Brief descriptive captions

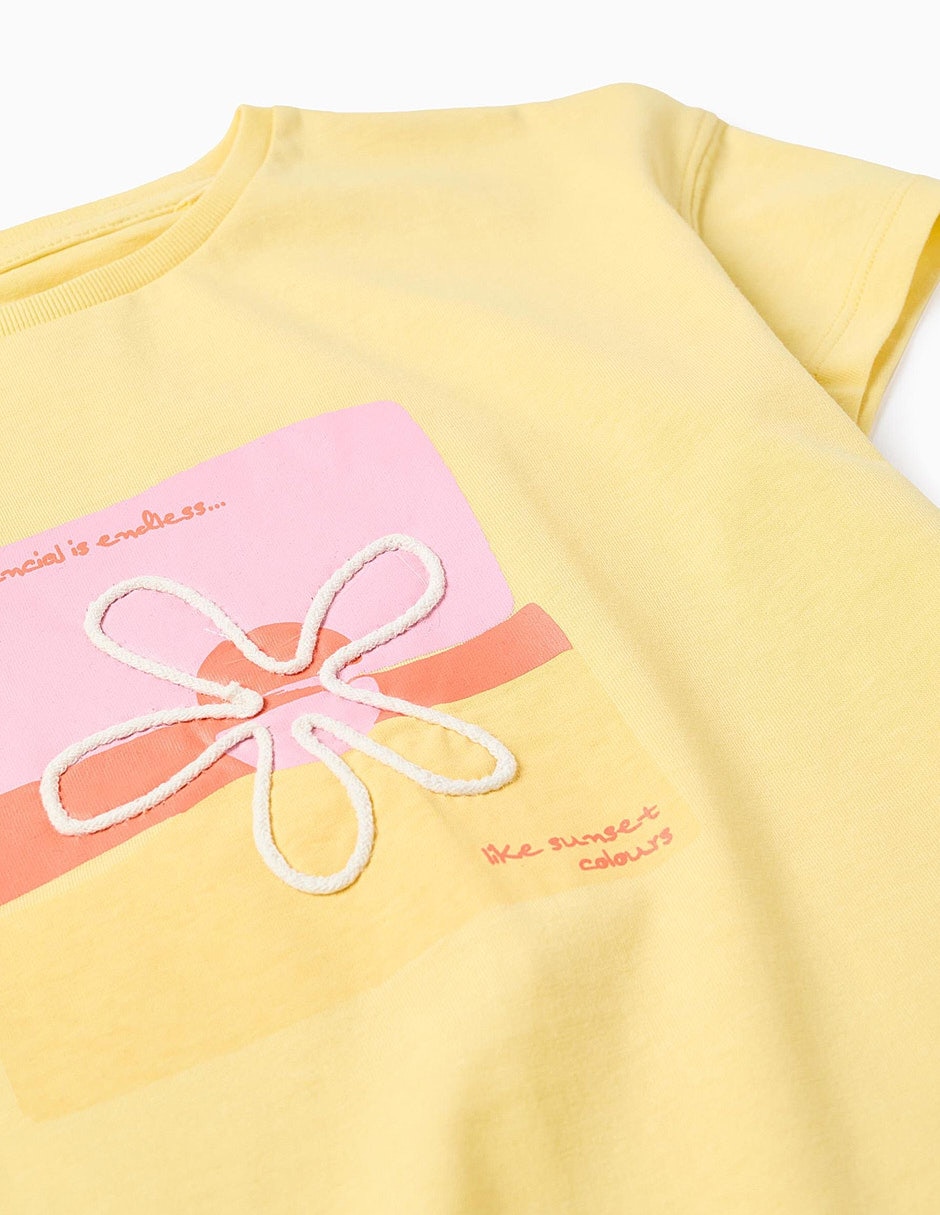 Playera zippy true colors manga corta para infantil niña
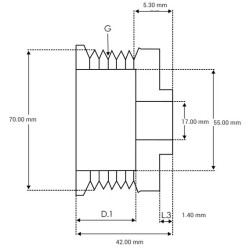 Koło pasowe alternatora 10PK 
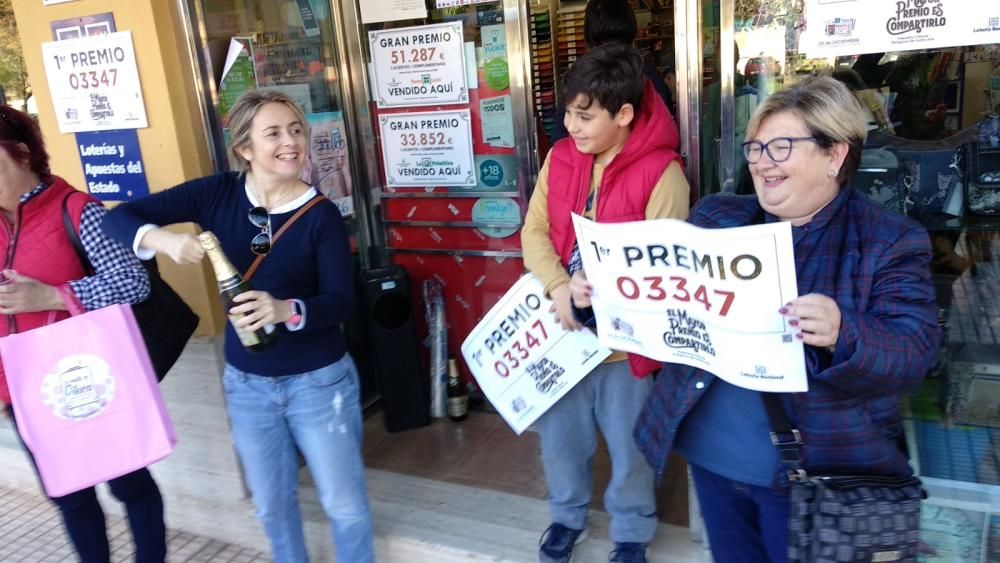 Lotería de Navidad 2018: Así se ha celebrado la lluvia de millones en la Región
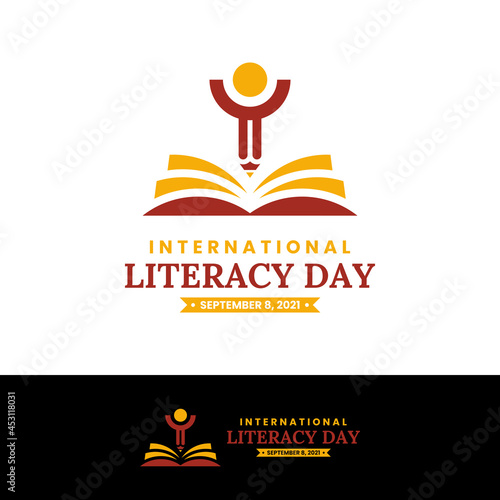 International Literacy Day Logo Design Template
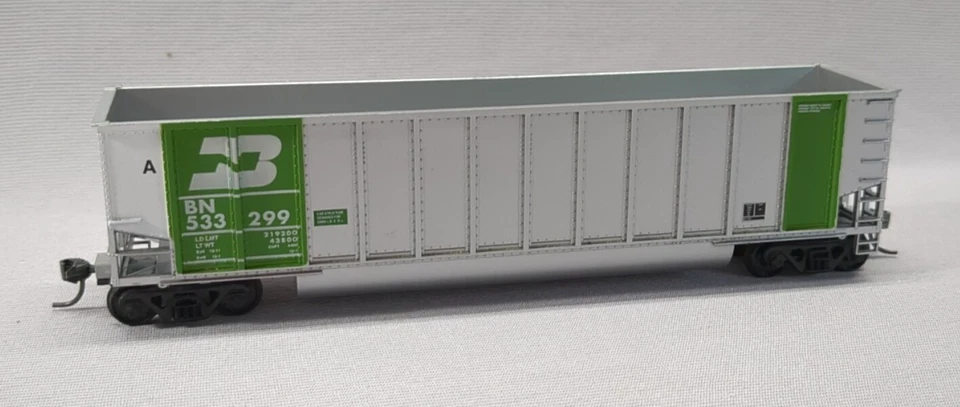 HO Scale  Walthers  BURLINGTON NORTHERN  Bethgon ~ Coal Porter   BN 533299 - Image 4 of 4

### Exercise instructions
Give again, word for word, the line containing "Lotería de Navidad" and every line after it to the end of the records; leave out the pictures.

### Solved problem
 Lotería de Navidad 2018: Así se ha celebrado la lluvia de millones en la Región
 International Literacy Day Logo Design Template
 HO Scale  Walthers  BURLINGTON NORTHERN  Bethgon ~ Coal Porter   BN 533299 - Image 4 of 4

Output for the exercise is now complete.